A union catalogue for the cluster will enable a user to find out the books available in these five libraries. But first, each college should come up with a computerised catalogue using preferably the SOUL software developed by the University Grants Commission, the project report reads. The consortium can maintain a web site where this catalogue can be shown as an online public access catalogue, the report suggests.

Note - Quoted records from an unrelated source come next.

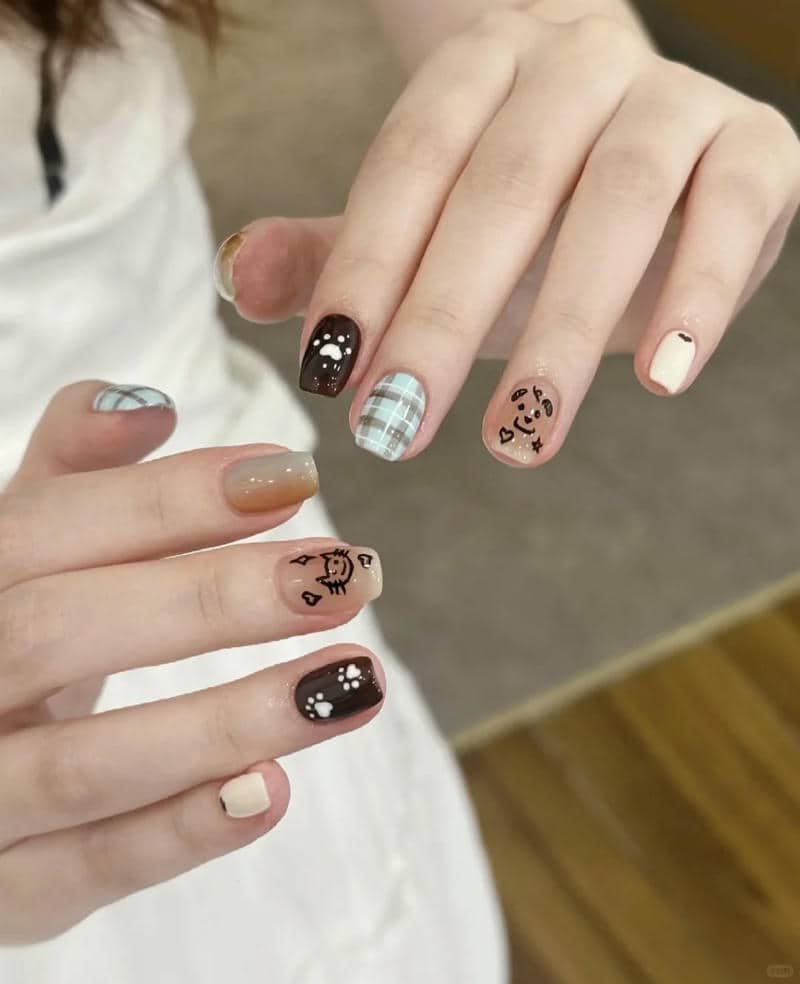 các mẫu nail đơn giản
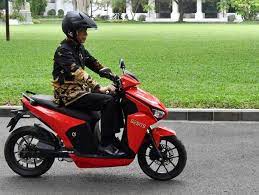 Mantap! Wijaya Karya (WIKA) Perluas Penjualan Motor Listrik Gesits ke Afrika Barat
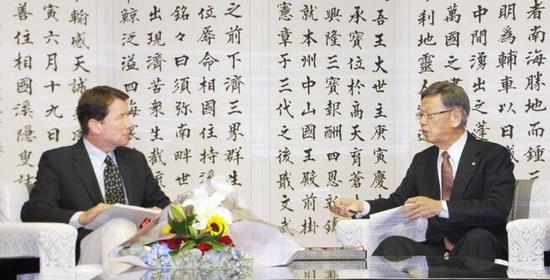 日本冲绳知事会见美大使 称普天间搬迁是歧视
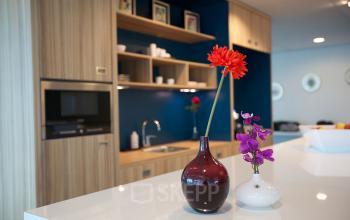 open ruimte zuidas Amsterdam met lift en receptie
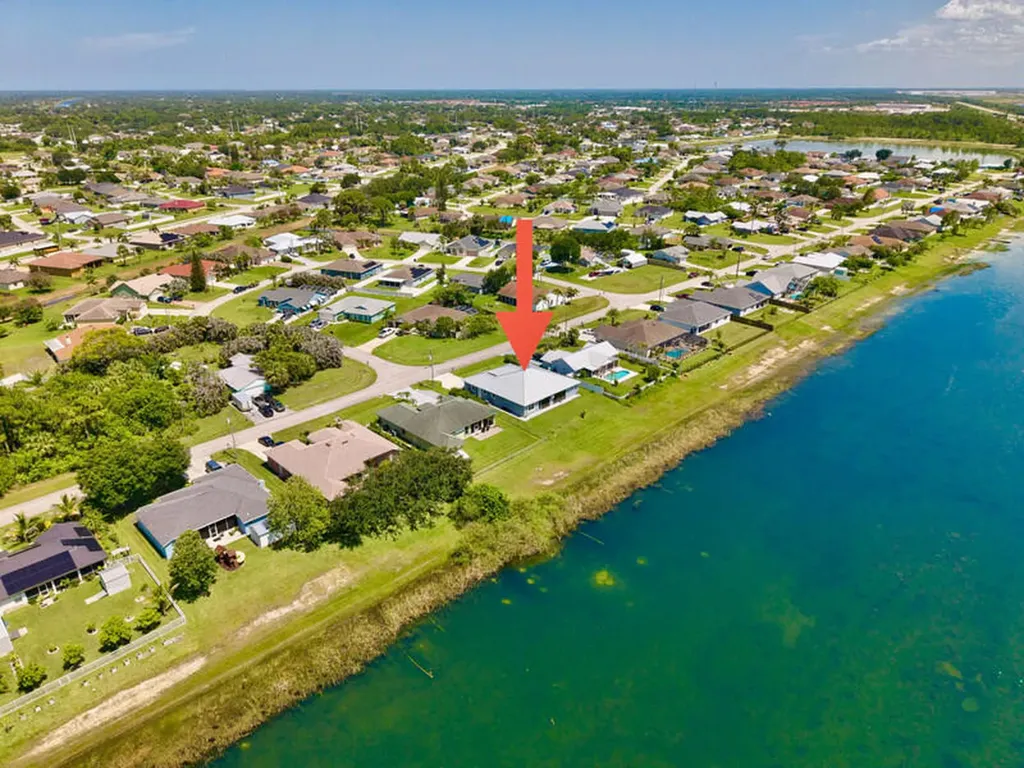 2198 SW Alminar Street Port St Lucie FL 34953
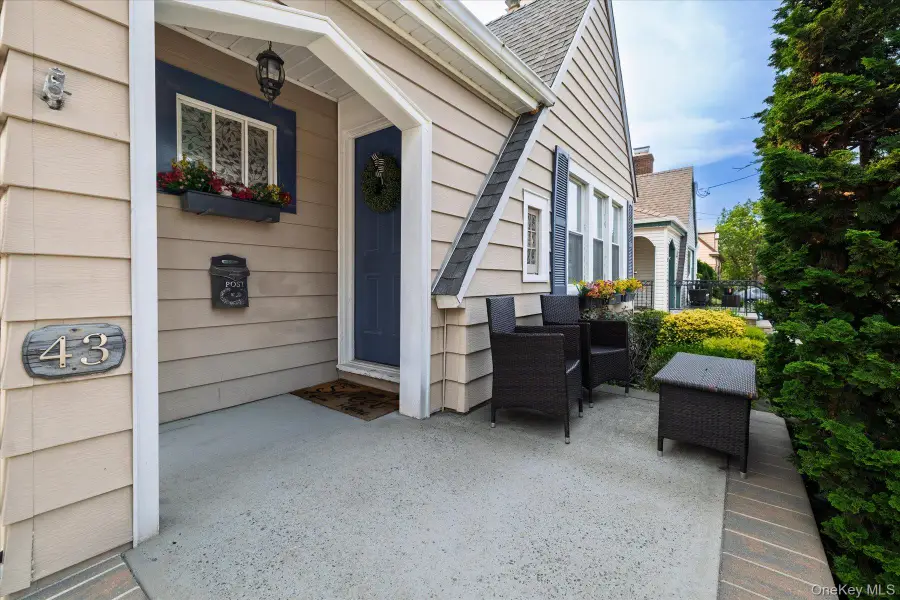 43 Devon Street, Malverne, NY 11565 - #2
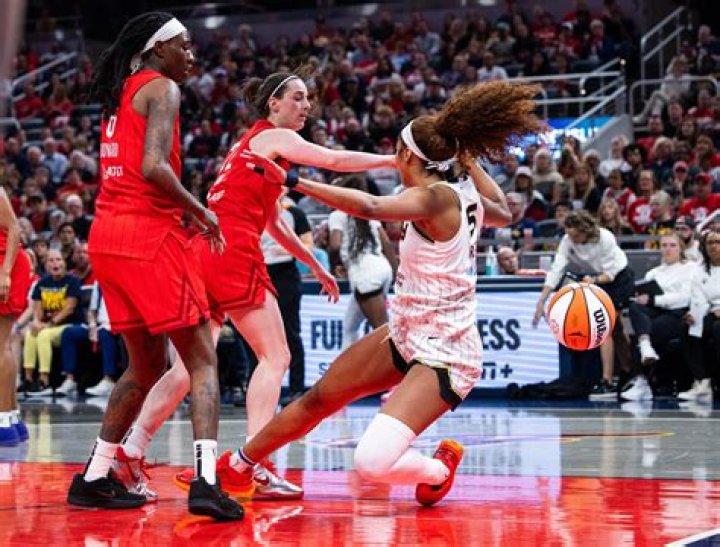 ‘We just came out and dominated’: Caitlin Clark scores 35 as No. 6 Hawkeyes upset No. 2 Ohio State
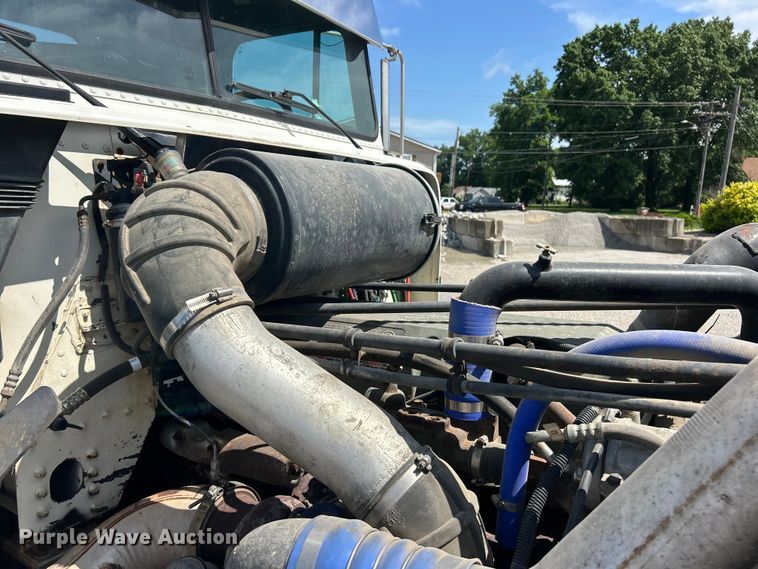 image for item FC2704 2000 Freightliner FLD semi truck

The report will be taken up for discussion and subsequent action once the Thiruvananthapuram cluster is formally launched in November. The cluster’s incubation has not been without its share of problems. Though the cluster experiment itself began as one which will involve both government and private colleges, there are only government colleges in the Thiruvananthapuram and Ernakulam clusters. But then, the frequent change in principals in government colleges soon became the first thorn in the flesh of both these clusters. Added to this was the delay caused by the labyrinthine financial procedures that had to be followed by the clusters to get the seed money given to them by the government. B.S. Mohanachandran, Principal of University College, said that when the clusters tried to present to the Treasury the cheque for Rs.1 crore given by the government, they were told that clearance would be required from the ‘ways and means’ section. For a couple of months, it had not been even clear when and whether such sanction would be coming. Eventually after interventions at the higher level, the Finance Department pegged the cut-off limit for getting ways-and-means clearance at Rs.2 crore. By then, the validity period of the initial cheques was over. This problem was solved when the higher education council issued the clusters fresh cheques. Finally, the clusters had the money to get them going. That was when they faced their next hurdle.
Collectivity
For many decades now, academics had become used to thinking in terms of ‘our college’ and ‘their college.’ The ‘individuality’ of one college was what set it apart from another. Now, suddenly, ‘competition’ is being sought to be replaced by ‘collaboration’ and ‘individuality’ is being asked to make way for ‘collectivity.’ Prof. Mohanachandran said the clusters were now organising seminars and discussions so that teachers and students could get oriented to the new concept and mode of operation of the cluster. “This is a new concept and it will take time to catch on,” Thomas Joseph, member secretary of the council, said. Initially, when constituent colleges were asked to draw up proposals for the clusters, they came up with schemes to establish new facilities in individual colleges. “They had to be told that whatever they set up or built had to be such that it would be of use to the entire cluster and not just to the students of one college,” Prof. Joseph said. The council expects that the clusters will have a crucial role to play in the higher education section now that degree courses are going to function under the credit-and-semester system.